===== RECORDS SUPPLIED =====

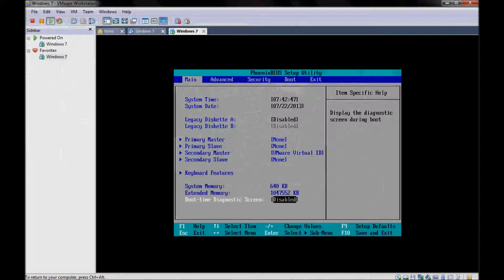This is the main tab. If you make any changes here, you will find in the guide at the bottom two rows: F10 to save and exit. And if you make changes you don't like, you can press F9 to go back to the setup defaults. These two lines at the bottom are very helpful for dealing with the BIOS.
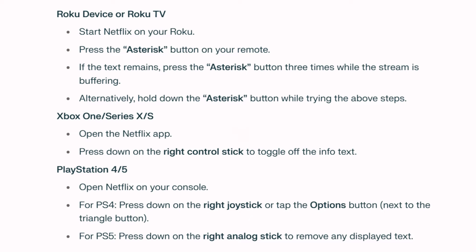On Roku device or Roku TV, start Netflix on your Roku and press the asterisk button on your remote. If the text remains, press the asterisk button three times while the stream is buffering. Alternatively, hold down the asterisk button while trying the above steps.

=====
===== RECORDS SUPPLIED =====

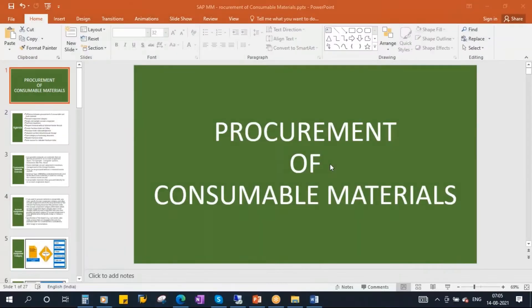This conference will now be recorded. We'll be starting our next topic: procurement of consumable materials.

=====
===== RECORDS SUPPLIED =====

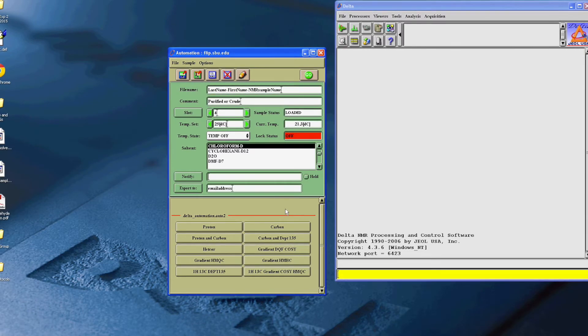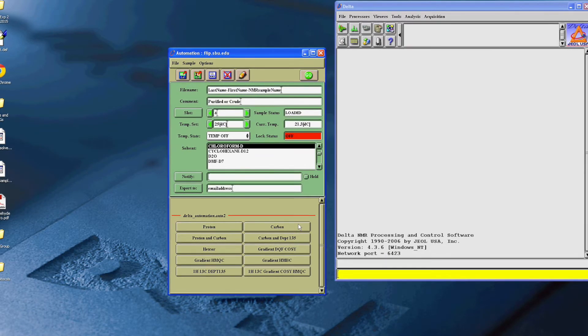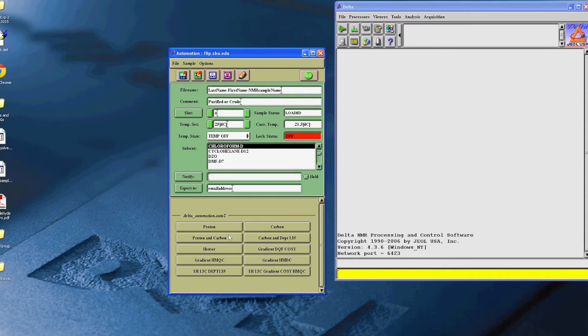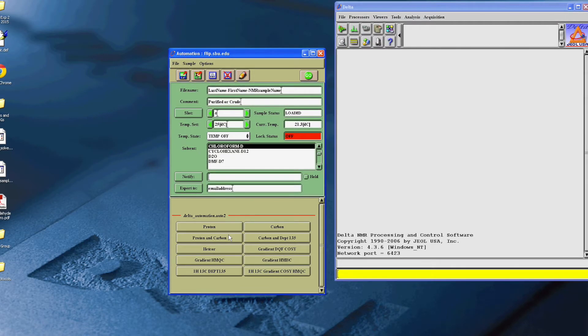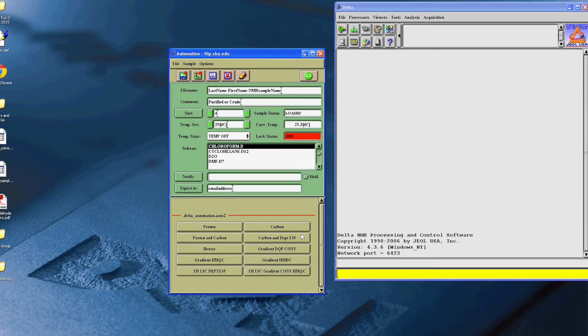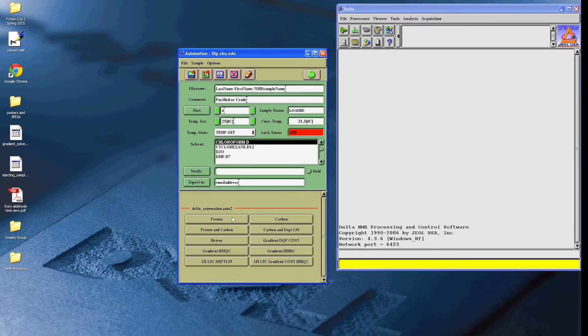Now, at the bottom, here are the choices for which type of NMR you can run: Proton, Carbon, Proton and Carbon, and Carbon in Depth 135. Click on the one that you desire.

=====

#### [PROBLEM STATEMENT]
Among the entries above, copy exactly the stretch from the line holding "This is the" through the line holding "On Roku device", leaving out any pictures.

#### [RESULT]
This is the main tab. If you make any changes here, you will find in the guide at the bottom two rows: F10 to save and exit. And if you make changes you don't like, you can press F9 to go back to the setup defaults. These two lines at the bottom are very helpful for dealing with the BIOS.
On Roku device or Roku TV, start Netflix on your Roku and press the asterisk button on your remote. If the text remains, press the asterisk button three times while the stream is buffering. Alternatively, hold down the asterisk button while trying the above steps.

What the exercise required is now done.